[ACTIVITY]:
Please print every line of the listing, unchanged.

BEGIN

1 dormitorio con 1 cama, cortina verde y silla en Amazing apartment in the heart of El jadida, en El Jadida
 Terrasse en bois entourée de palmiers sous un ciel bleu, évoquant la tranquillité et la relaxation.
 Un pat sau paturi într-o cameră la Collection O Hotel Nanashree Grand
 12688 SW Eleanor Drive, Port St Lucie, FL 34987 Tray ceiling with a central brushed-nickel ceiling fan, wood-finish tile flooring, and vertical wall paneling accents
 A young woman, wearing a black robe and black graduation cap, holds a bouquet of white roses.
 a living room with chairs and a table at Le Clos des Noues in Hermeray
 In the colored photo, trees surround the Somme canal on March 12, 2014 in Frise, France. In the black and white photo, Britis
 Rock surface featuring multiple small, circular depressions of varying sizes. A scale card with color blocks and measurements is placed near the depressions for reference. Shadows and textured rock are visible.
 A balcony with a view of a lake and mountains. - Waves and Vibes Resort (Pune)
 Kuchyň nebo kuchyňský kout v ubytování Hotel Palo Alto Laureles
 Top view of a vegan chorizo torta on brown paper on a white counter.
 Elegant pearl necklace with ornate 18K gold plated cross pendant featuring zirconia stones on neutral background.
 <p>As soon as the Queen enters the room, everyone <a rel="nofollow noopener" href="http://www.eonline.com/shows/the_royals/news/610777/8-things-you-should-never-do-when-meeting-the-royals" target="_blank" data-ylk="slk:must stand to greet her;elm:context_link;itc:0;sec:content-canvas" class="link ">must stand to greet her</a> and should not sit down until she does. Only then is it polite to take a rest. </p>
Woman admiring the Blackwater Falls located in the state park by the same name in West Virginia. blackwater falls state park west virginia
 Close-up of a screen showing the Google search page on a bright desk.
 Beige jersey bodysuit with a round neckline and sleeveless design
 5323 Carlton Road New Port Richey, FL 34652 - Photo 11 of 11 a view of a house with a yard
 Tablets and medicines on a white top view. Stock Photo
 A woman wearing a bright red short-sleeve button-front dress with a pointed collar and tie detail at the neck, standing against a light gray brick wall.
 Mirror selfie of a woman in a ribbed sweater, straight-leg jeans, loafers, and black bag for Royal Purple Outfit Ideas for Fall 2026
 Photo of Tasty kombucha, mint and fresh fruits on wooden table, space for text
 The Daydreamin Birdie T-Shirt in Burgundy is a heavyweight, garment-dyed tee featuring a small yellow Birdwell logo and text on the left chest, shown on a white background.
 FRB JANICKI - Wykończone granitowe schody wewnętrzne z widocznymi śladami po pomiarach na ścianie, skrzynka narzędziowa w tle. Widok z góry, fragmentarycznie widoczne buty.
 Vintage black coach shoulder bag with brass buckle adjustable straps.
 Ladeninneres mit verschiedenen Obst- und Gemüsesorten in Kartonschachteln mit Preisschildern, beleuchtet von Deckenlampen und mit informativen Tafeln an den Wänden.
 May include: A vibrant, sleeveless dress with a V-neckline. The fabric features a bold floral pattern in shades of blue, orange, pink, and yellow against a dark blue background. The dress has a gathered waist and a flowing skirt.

END

[YOUR SOLUTION]:
1 dormitorio con 1 cama, cortina verde y silla en Amazing apartment in the heart of El jadida, en El Jadida
 Terrasse en bois entourée de palmiers sous un ciel bleu, évoquant la tranquillité et la relaxation.
 Un pat sau paturi într-o cameră la Collection O Hotel Nanashree Grand
 12688 SW Eleanor Drive, Port St Lucie, FL 34987 Tray ceiling with a central brushed-nickel ceiling fan, wood-finish tile flooring, and vertical wall paneling accents
 A young woman, wearing a black robe and black graduation cap, holds a bouquet of white roses.
 a living room with chairs and a table at Le Clos des Noues in Hermeray
 In the colored photo, trees surround the Somme canal on March 12, 2014 in Frise, France. In the black and white photo, Britis
 Rock surface featuring multiple small, circular depressions of varying sizes. A scale card with color blocks and measurements is placed near the depressions for reference. Shadows and textured rock are visible.
 A balcony with a view of a lake and mountains. - Waves and Vibes Resort (Pune)
 Kuchyň nebo kuchyňský kout v ubytování Hotel Palo Alto Laureles
 Top view of a vegan chorizo torta on brown paper on a white counter.
 Elegant pearl necklace with ornate 18K gold plated cross pendant featuring zirconia stones on neutral background.
 <p>As soon as the Queen enters the room, everyone <a rel="nofollow noopener" href="http://www.eonline.com/shows/the_royals/news/610777/8-things-you-should-never-do-when-meeting-the-royals" target="_blank" data-ylk="slk:must stand to greet her;elm:context_link;itc:0;sec:content-canvas" class="link ">must stand to greet her</a> and should not sit down until she does. Only then is it polite to take a rest. </p>
Woman admiring the Blackwater Falls located in the state park by the same name in West Virginia. blackwater falls state park west virginia
 Close-up of a screen showing the Google search page on a bright desk.
 Beige jersey bodysuit with a round neckline and sleeveless design
 5323 Carlton Road New Port Richey, FL 34652 - Photo 11 of 11 a view of a house with a yard
 Tablets and medicines on a white top view. Stock Photo
 A woman wearing a bright red short-sleeve button-front dress with a pointed collar and tie detail at the neck, standing against a light gray brick wall.
 Mirror selfie of a woman in a ribbed sweater, straight-leg jeans, loafers, and black bag for Royal Purple Outfit Ideas for Fall 2026
 Photo of Tasty kombucha, mint and fresh fruits on wooden table, space for text
 The Daydreamin Birdie T-Shirt in Burgundy is a heavyweight, garment-dyed tee featuring a small yellow Birdwell logo and text on the left chest, shown on a white background.
 FRB JANICKI - Wykończone granitowe schody wewnętrzne z widocznymi śladami po pomiarach na ścianie, skrzynka narzędziowa w tle. Widok z góry, fragmentarycznie widoczne buty.
 Vintage black coach shoulder bag with brass buckle adjustable straps.
 Ladeninneres mit verschiedenen Obst- und Gemüsesorten in Kartonschachteln mit Preisschildern, beleuchtet von Deckenlampen und mit informativen Tafeln an den Wänden.
 May include: A vibrant, sleeveless dress with a V-neckline. The fabric features a bold floral pattern in shades of blue, orange, pink, and yellow against a dark blue background. The dress has a gathered waist and a flowing skirt.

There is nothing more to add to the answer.